I see several common bugs popping up. A wrong idea, index page, you should block crawl path. Meaningful, right? If you don't want the page index, why would you want it to crawl? Unfortunately, this sounds logical and completely wrong. Let's take a look at an example ...
For example: Product reviews
Suppose 11545.html "> We have a decent large ecommerce website with unique products 1000 pages. These pages look like this:
Each product has its own URL page, of course, these URLs are structured as follows:
Http://www.***.com/product/1
Http://www.***.com/product/2
Http://www.***.com/product/3
http://www.***.com/product/1000
Now let's say that each of these products page links to the product's comment page:
The pages of these reviews also have their own, unique URLs (juxtaposed product IDs), like this:
Http://www.***.com/review/1
Http://www.***.com/review/2
Http://www.***.com/review/3
http://www.***.com/review/1000
Unfortunately, we just stripped out 1000 duplicate pages each time the review page is really just a form that has no unique content. These censored pages have no search value and just dilute our index. So we decided it was time to take action ...
"Fix", part 1th
We want these pages up, so we decided to use the NOINDEX (Meta robot) tag. Because we really, really want to complete the page, we also decided to nofollow the review link. The first time we tried to fix the end, it looked like this:
On the surface, it makes sense. Here's the problem, though--those red arrows are cutting paths that might stop spiders. If spiders censor pages will never go back, they will never read the NOINDEX, they will not go to index the page.
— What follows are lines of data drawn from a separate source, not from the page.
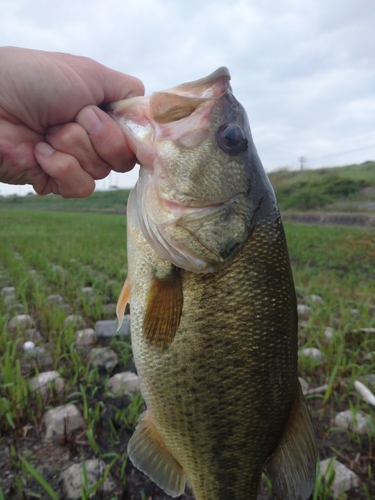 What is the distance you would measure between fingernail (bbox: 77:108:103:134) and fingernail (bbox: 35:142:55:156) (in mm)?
204

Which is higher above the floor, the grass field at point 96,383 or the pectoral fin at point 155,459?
the pectoral fin at point 155,459

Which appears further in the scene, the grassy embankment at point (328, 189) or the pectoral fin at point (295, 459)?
the grassy embankment at point (328, 189)

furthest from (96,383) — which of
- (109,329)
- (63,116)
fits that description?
(63,116)

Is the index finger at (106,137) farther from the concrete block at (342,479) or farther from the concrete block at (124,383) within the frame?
the concrete block at (342,479)

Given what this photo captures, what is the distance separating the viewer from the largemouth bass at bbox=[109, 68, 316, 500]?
4.36 feet

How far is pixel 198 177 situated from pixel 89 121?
516 millimetres

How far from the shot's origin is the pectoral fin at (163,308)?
134 cm

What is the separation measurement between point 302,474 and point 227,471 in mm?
250

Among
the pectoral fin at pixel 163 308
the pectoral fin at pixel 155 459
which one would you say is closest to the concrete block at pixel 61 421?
the pectoral fin at pixel 155 459

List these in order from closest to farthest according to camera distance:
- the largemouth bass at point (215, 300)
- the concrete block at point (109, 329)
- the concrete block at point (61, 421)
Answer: the largemouth bass at point (215, 300) < the concrete block at point (61, 421) < the concrete block at point (109, 329)

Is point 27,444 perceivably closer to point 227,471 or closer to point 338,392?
point 227,471

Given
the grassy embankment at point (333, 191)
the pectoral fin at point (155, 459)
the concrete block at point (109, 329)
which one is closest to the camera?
the pectoral fin at point (155, 459)

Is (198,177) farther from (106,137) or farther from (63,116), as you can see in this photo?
(63,116)

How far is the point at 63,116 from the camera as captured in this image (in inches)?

In the best case, it will take a long time (has gone to indexation time too long for large sites).
Repair, part 2nd
Instead, let's leave the path (the link we should follow). This way, the crawler will continue to visit the page, the repeated review of the URL should gradually disappear:
Stick to it, and in the process it still takes some time (weeks, in most cases). Monitor your index (at the "site:" operator) daily-what you are looking for is gradually decreasing over time. If this happens, you are in good shape. Pro tip: Do not take any day of the "site:" is too serious-it can be unreliable, from times to time. Look at the trend over time. The above content by www.guhele.com Diet health nets in Admin5 starting, reproduced please keep the URL, thank you!
The content source of this page is from Internet, which doesn't represent Alibaba Cloud's opinion;
products and services mentioned on that page don't have any relationship with Alibaba Cloud. If the
content of the page makes you feel confusing, please write us an email, we will handle the problem
within 5 days after receiving your email.
If you find any instances of plagiarism from the community, please send an email to:
info-contact@alibabacloud.com
and provide relevant evidence. A staff member will contact you within 5 working days.